The warnings advised closer monitoring of patients initiated on these medications, yet studies indicated that fewer than 5% of pediatric patients received the recommended monitoring. This suggests that rather than enhancing vigilance, the warnings may have deterred treatment altogether.

Parallel to these concerns, regulatory bodies worldwide update warnings about other risks associated with these medications. For instance, the Australian Therapeutic Goods Administration recently aligned Product Information documents for all SSRIs and SNRIs to reflect the risk of sexual dysfunction persisting after drug cessation. While previously acknowledged during treatment, the persistence of sexual side effects after discontinuation, potentially lasting weeks to years, wasn’t uniformly disclosed across all medications in this class.

Despite these concerns, antidepressants remain important treatment options for many patients with depression and anxiety disorders. The challenge lies in balancing appropriate caution with the need to ensure those who could benefit from treatment aren’t deterred by warnings that may overstate risks or understate benefits.

In response to these findings, researchers have recommended that the FDA reconsider the black box warnings for antidepressants—either by incorporating them into routine warnings that pose fewer barriers to appropriate treatment or potentially removing them entirely. The FDA has acknowledged that “the evaluation of product safety is an ongoing and continuous process,” indicating openness to reviewing existing evidence.

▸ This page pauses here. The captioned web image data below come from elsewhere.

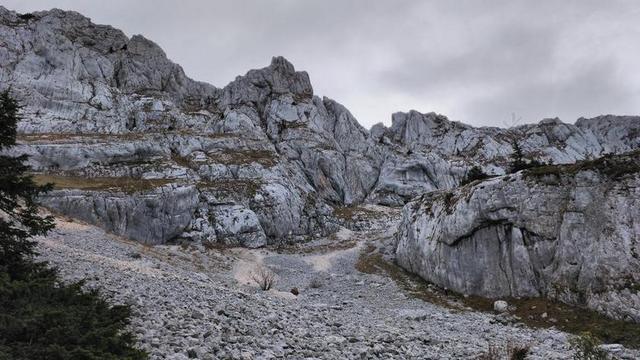 VERCORS 山 秋天 徒步旅行 景观 山间小道 阿尔卑斯山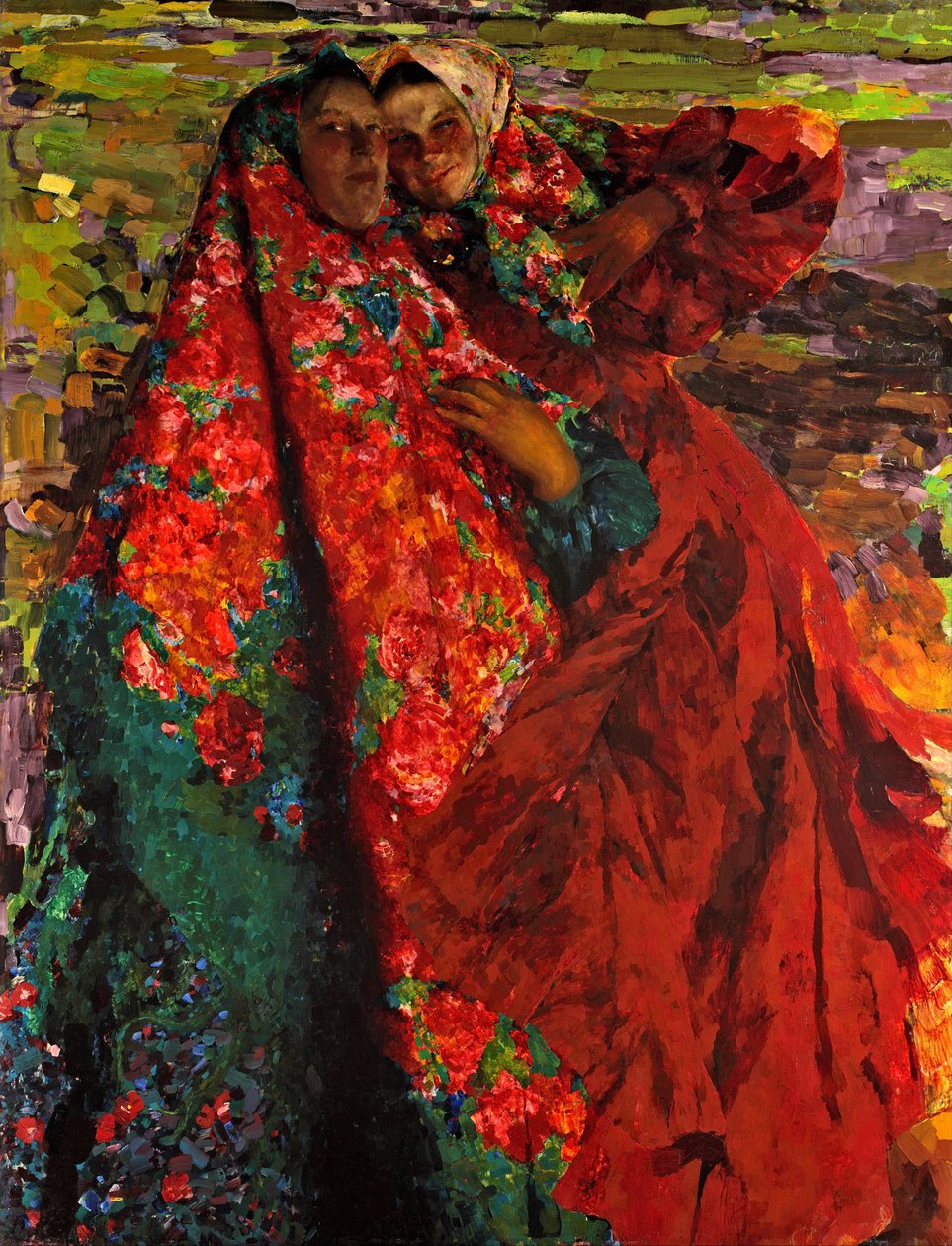 Peasant Women by Filipp Andreevic Maljavin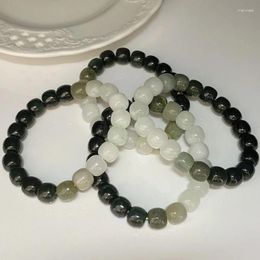 Bracelet d'obsidien de haute qualité naturel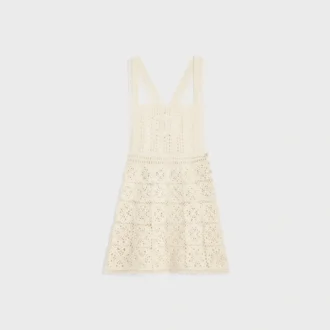 Vestido mini Triomphe de algodón de ganchillo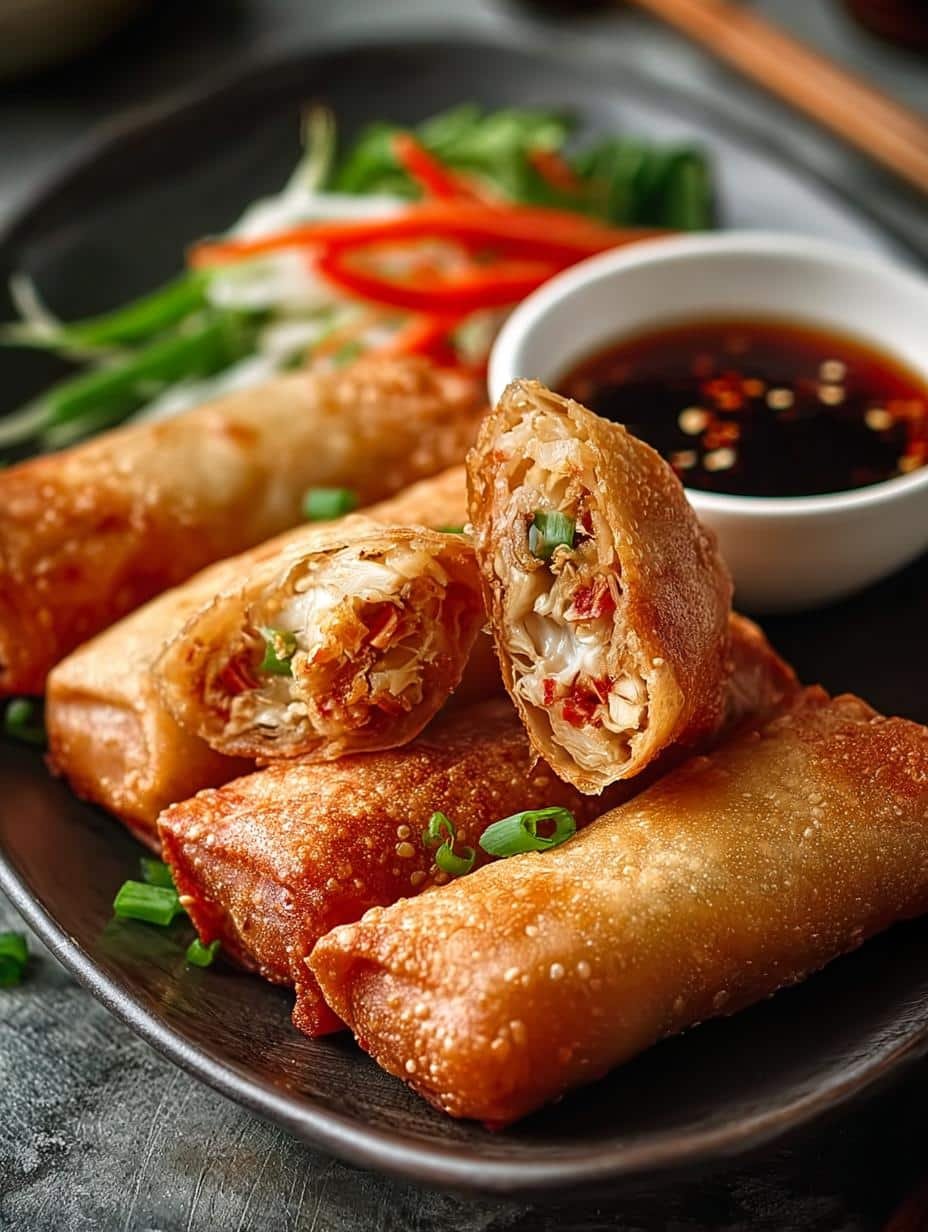 Crispy Cantonese Chicken Egg Roll Recipe for Everyone 2 Crispy Cantonese Chicken Egg Roll Recipe for Everyone - Cantonese Chicken Egg Roll - main visual representation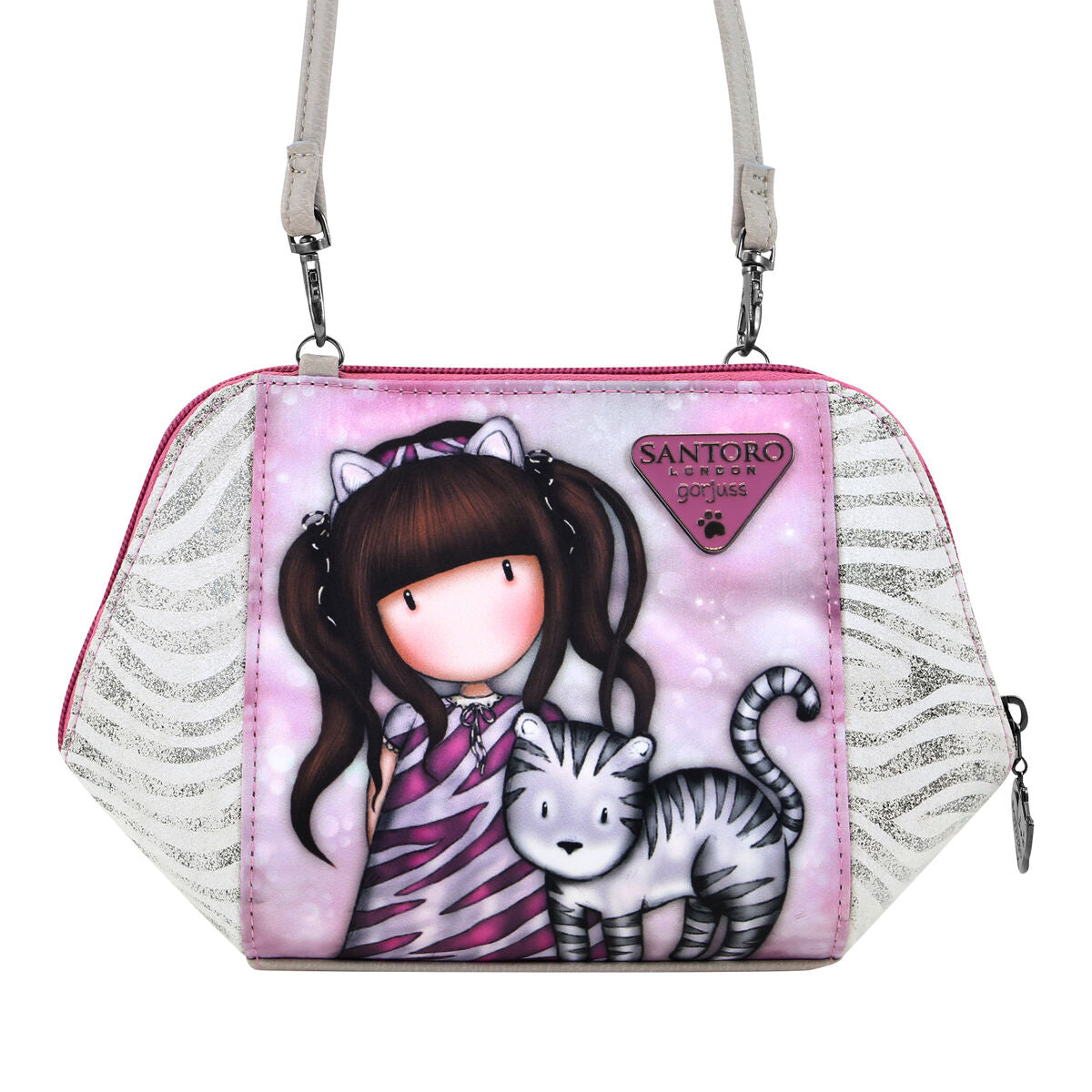 Schoudertas Gorjuss Ruby Wild Grijs 26 x 15,5 x 9,5 cm-Topper Trend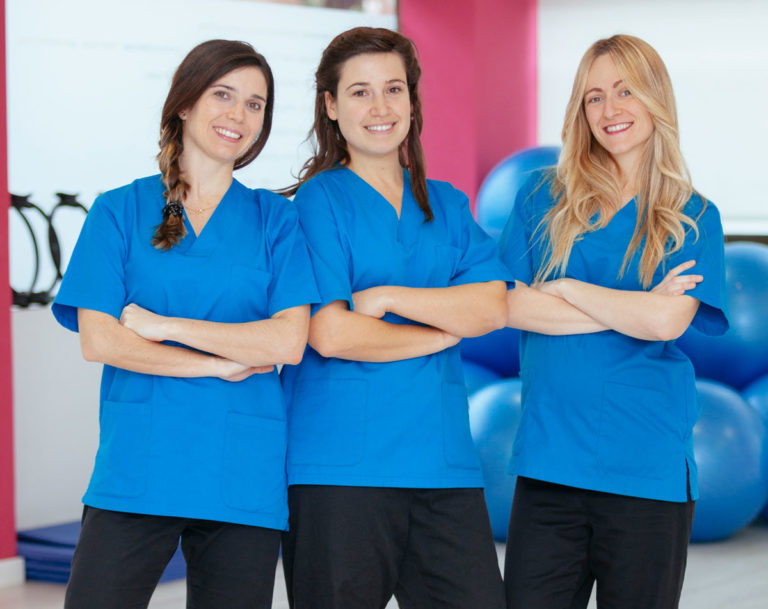 happy veterinary staff
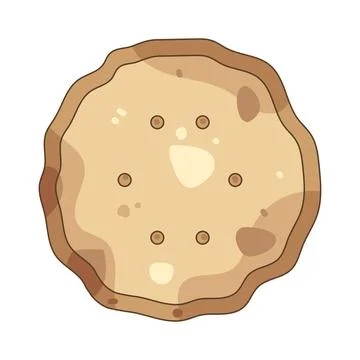 Illustration of round cookie Illustrazione stock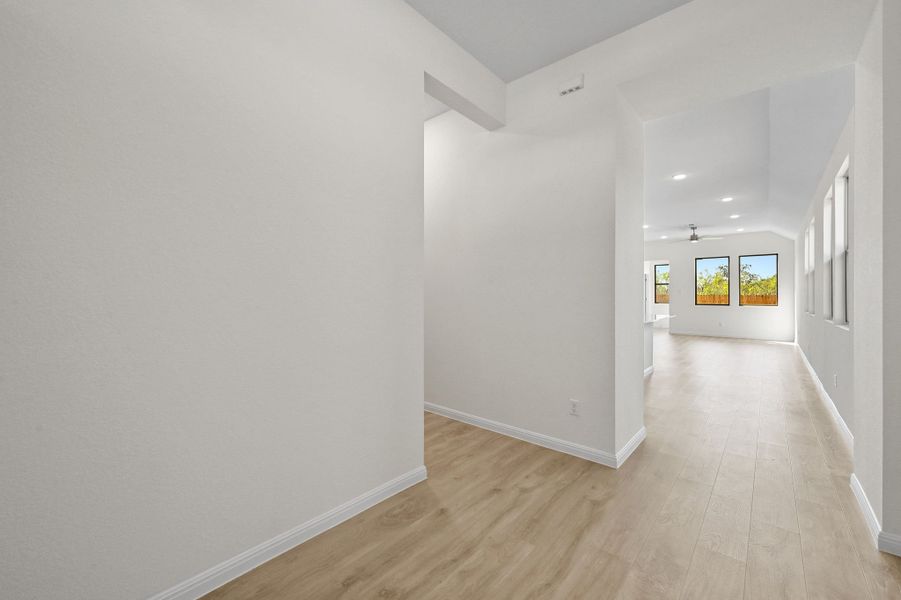 Entry in the Cedar home plan by Trophy Signature Homes – REPRESENTATIVE PHOTO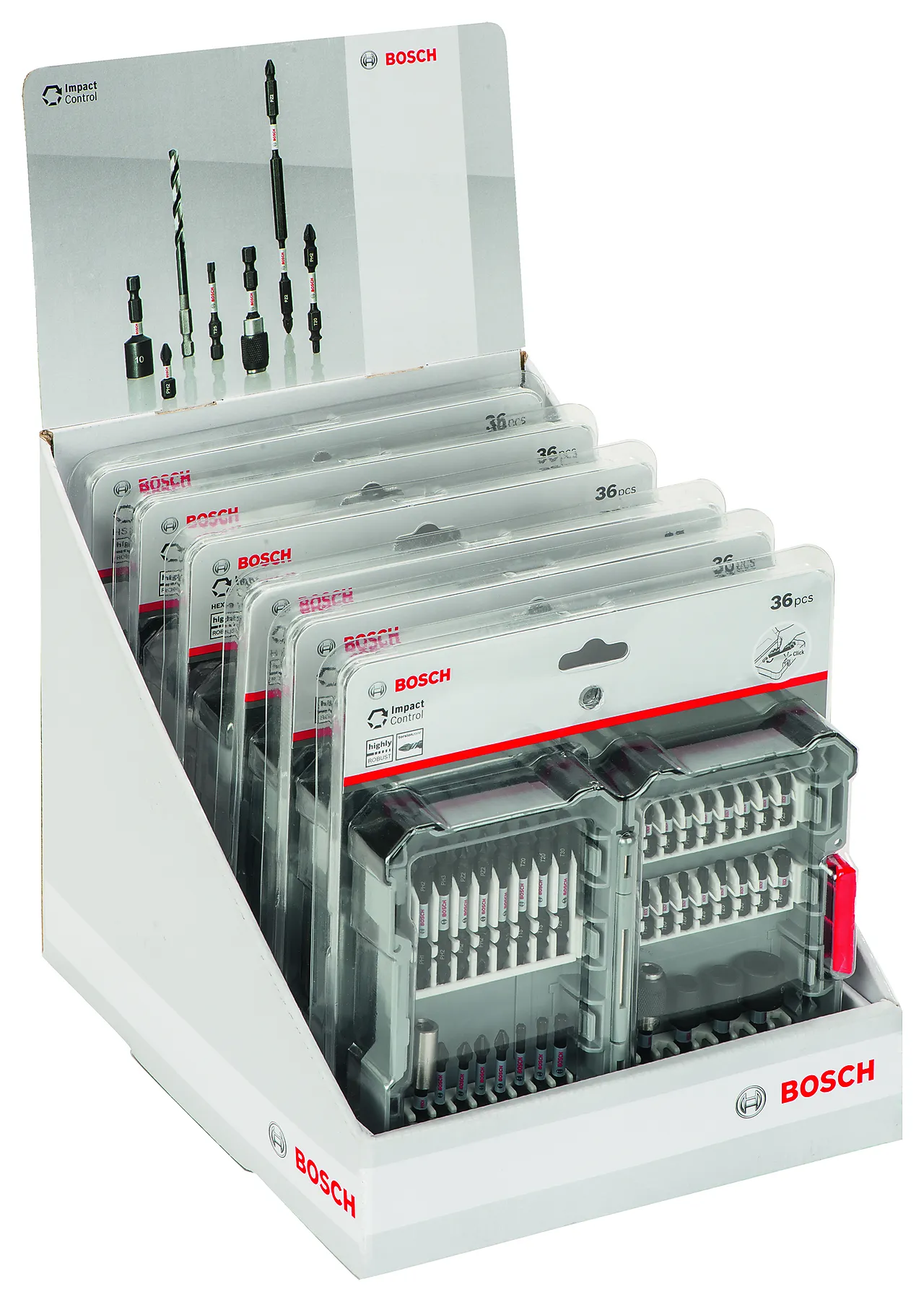 Bits/pipenøkkelsett impact 36 deler null - null - 3 - Miniatyr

For healthcare providers, these developments underscore the importance of individualised benefit-risk discussions with patients and families, acknowledging both the potential risks of medication and the substantial risks of untreated depression and anxiety. As our understanding of these medications continues to evolve, so too should the regulatory framework that governs their use, always with the ultimate goal of optimising patient outcomes.